In the original BNF notation, only two information structuring mechanisms were contemplated:
Composition.
Corresponds to the sequence of elements (terminal or not). No specific symbol is used.
Alternative.
Represents a choice between different sequences. It is expressed by the symbol "|".
This notation was clearly insufficient and the EBNF (Extended BNF) appeared, of which there are many variants. The aim was to reduce the number of production rules and increase readability. The most widespread one additionally contemplates the mechanisms:
Grouping of alternatives.
It is expressed by parentheses.
Repetition.
Of an element zero or more times (*) or one or more times (+).
Optional
Indicates that it may or may not appear. It is expressed by square brackets: [ ].
Generative grammar is really a theory of syntax, since semantics is not considered. This is why, despite having pushed forward the study of grammars and the formalization of syntax, it has been criticized for not providing a semantic model for languages.
The repetition mechanism is very limited, since it is not possible to indicate a concrete number of repetitions.

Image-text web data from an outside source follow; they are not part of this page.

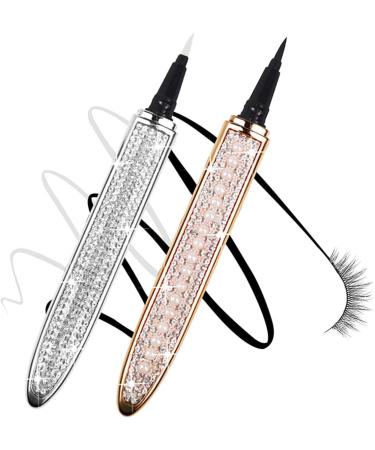 NOLITOY Liquid Eye Liner 2pcs Diamond Eyeliner Precise Eyeliner Metallic Eyeliner Elf Eyeliner Makeup Supplies Eyes 1 count (Pack of 1) Assorted Color - Buy Online on GoSupps.com
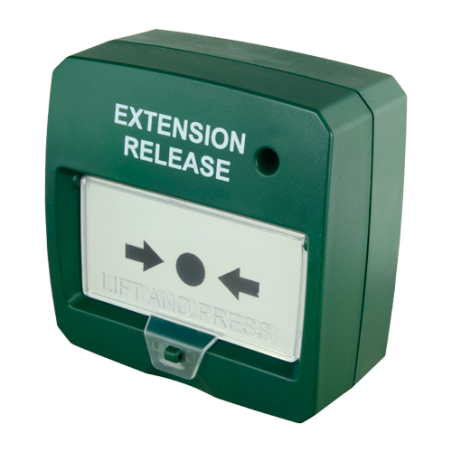 DMT-D9000-MCP-G - Pulsante di reset - Specifico per pannello antincendio - Estinzione manuale - Installazione su superficie - Ri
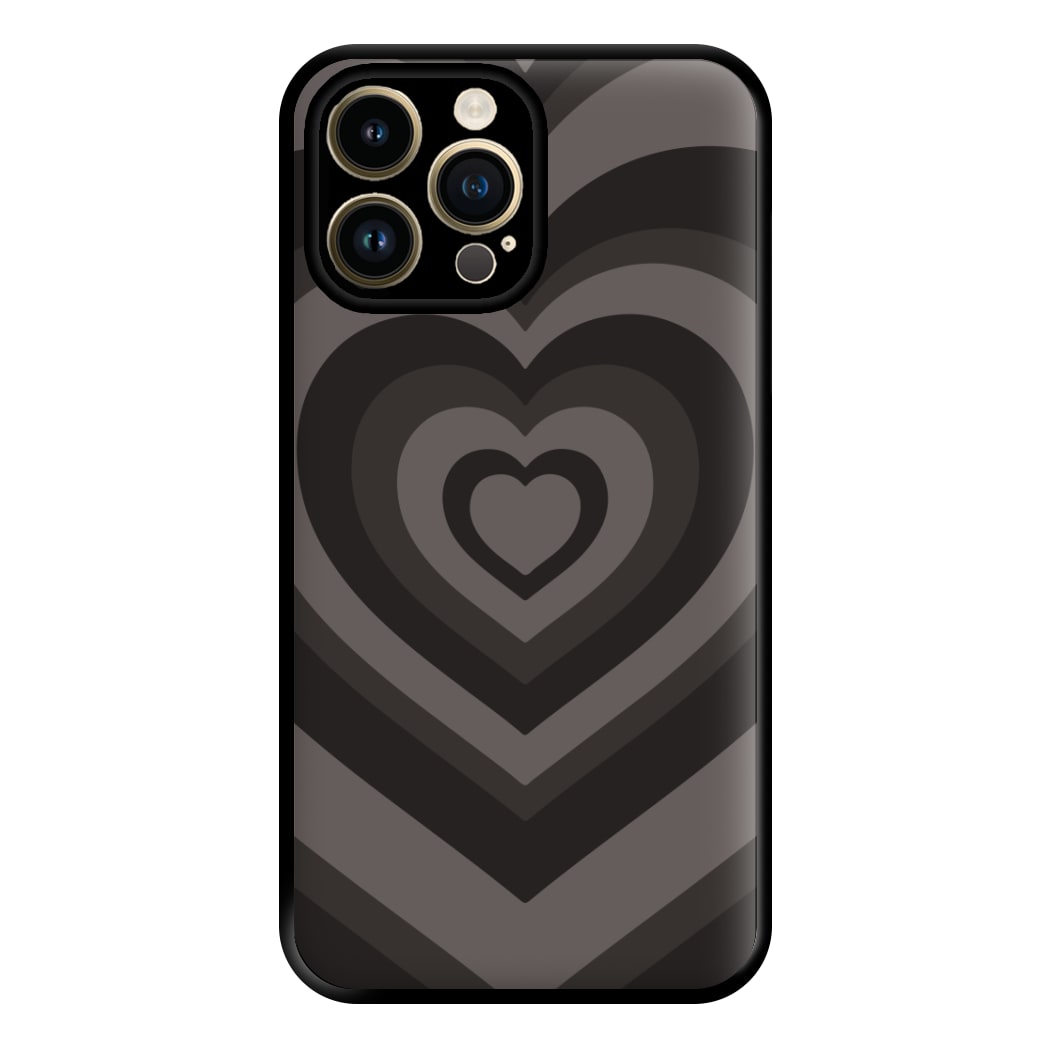 Abstract Black Heart iPhone 14 Pro Max Case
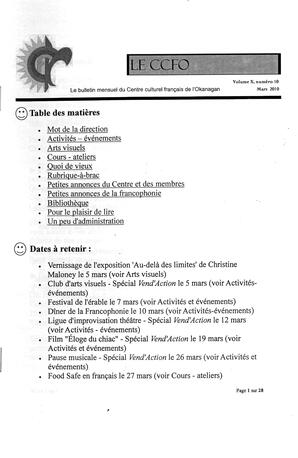  L'ANSE-AU-SABLE, 2010   , page 1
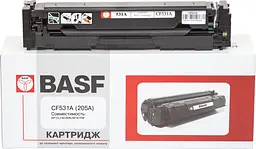 Картридж тон. BASF для LJ M180n/M181fw аналог CF531A Cyan ( 900 ст.) (BASF-KT-CF531A) - мініатюра 1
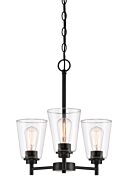 Westin 3-Light Chandelier in Matte Black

Only context-free properties are referred to. Therefore, neither structural nor functional constraints, e.g. conditions, attributes, etc., can be specified.
The generic nature of the EBNF notation
The EBNF notation is really a meta-metalanguage, that is, it is a language for defining metalanguages of concrete languages.
EBNF, as a language itself, is a high-level language, in which several authors have believed to see a powerful formalism, generic in nature, that can, by itself, be used as a programming language, as a formal specification language, as the foundation of a science or theory of programming languages and of programming itself [Harrison, 1965] [Gries, 1981] [Schmidt, 1982].
Semantic Grammar
Just as traditional syntactic grammars deal with abstract categories (which are usually related to the structure of language itself), semantic grammars are structured and organized on the basis of lexical categories, that is, on concepts, categories or concrete semantic properties related to a domain, such as, for example, time, place, color, objects, etc.
The main features of semantic grammars are:
The sentences of a semantic grammar specify the allowed relations between concepts in an application domain, beyond their merely formal description (covered by a traditional syntactic grammar).
Rules are normally used to relate concepts. These are "semantic rules", rather than "syntactic rules" (in the form of productions), although there is some similarity between them.
While in a syntactic grammar an analysis is performed exclusively oriented to verify the correct syntax of a sentence, in a semantic grammar a semantic analysis is additionally performed, which provides the structure that relates the concepts or categories found. This structure, in its most general case, is a "semantic network", that is, a network of interrelated concepts.
For the interpreter performing the analysis, the most important thing is the semantic analysis, since he always tries to "understand" the meaning, which is the important thing, and therefore allows himself a certain syntactic flexibility.
Semantic grammars are relatively easy to develop for limited domains, when there are few concepts involved. But they are difficult to extend to cover new domains. To overcome this, "modular semantic grammars" are used in which:
There is a semantic grammar in each domain, organized in the form of rules.
There is a set of rules shared by all domains to relate common concepts.
Semantic grammars have their main application in the analysis of natural language, with the aim of discovering, identifying and relating the underlying concepts that are hidden in sentences to aid their subsequent understanding or interpretation. In fact, they were developed with the aim of adding semantics to traditional grammars in the analysis of natural language subdomains [Burton, 1976].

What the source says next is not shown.